Did you ask yourself why this source might publish these particular results? Did you follow the trail of references and apply the same source of scrutiny to them?
No? Then you didn’t…research anything. You read or watched a video, most likely with little or no objectivity. You came across something in your algorithm manipulated feed, something that jived with your implicit biases and served your confirmation bias, and subconsciously applied your emotional filters and called it proof.”
This doesn’t even go into institutional review boards (IRB’s), also known as independent ethics committees, ethical review boards, or touch on peer-review, or meta-analyses.
To sum it up, a healthy dose of scepticism is/can be a good thing…as long as we are also applying it to those things we wish/think to be true, and not just those things we choose to be sceptical towards, or in denial of.
Most importantly, though, is to apply our best critical thinking skills to ensure we are doing our best to suss out the facts from the fiction, the myths, and outright BS in pseudoscience and politics.
Misinformation is being used as a tool of war and to undermine our public health, and it is up to each of us to fight against it.
PS: this video emerged on YouTube in late August of 2023 by Sabine
I strongly recommend watching it in full.
Next from this lecture in what amounts to a teams 50 years work on a topic we get this sound advice:
https://youtu.be/7mOvJbmpG6A?t=569
From the transcript starting at 9:31
Now before I present any clinical evidence let me just make three principles about research.
First of all my boss in the my early years in Cardiff, Archie Cochran, of this University, he very effectively publicized the principle that; in evaluating evidence it's essential at all available evidence is considered and never just a selection.
It's awfully easy to have a hypothesis and spend a Friday afternoon going through the literature and finding one or two Publications that show the same kind of thing as we're looking for in that particular hypothesis.
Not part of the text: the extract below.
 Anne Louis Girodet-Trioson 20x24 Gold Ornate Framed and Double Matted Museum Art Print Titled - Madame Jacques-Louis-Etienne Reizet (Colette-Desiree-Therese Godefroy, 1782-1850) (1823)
That is so misleading it should never be done. So he went to enormous efforts as you will see in what follows that we would collect all the available evidence.
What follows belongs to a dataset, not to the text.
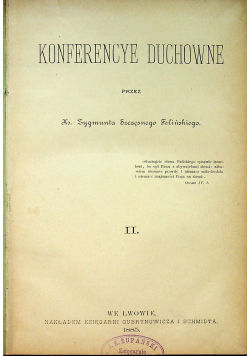Konferencye duchowne Tom II 1885 r.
Then the follower of other modern medicines William Moser he said I think it sums up "medicine is a science of uncertainty and an art of probability". In the end science never proves anything, always [it is] another explanation and conclusions about a particular hypothesis [and] can only be established at best to be Beyond Reasonable Doubt.
Don't look to me for any certainty in what I say but I think we've established a number of important steps which go beyond Reasonable Doubt.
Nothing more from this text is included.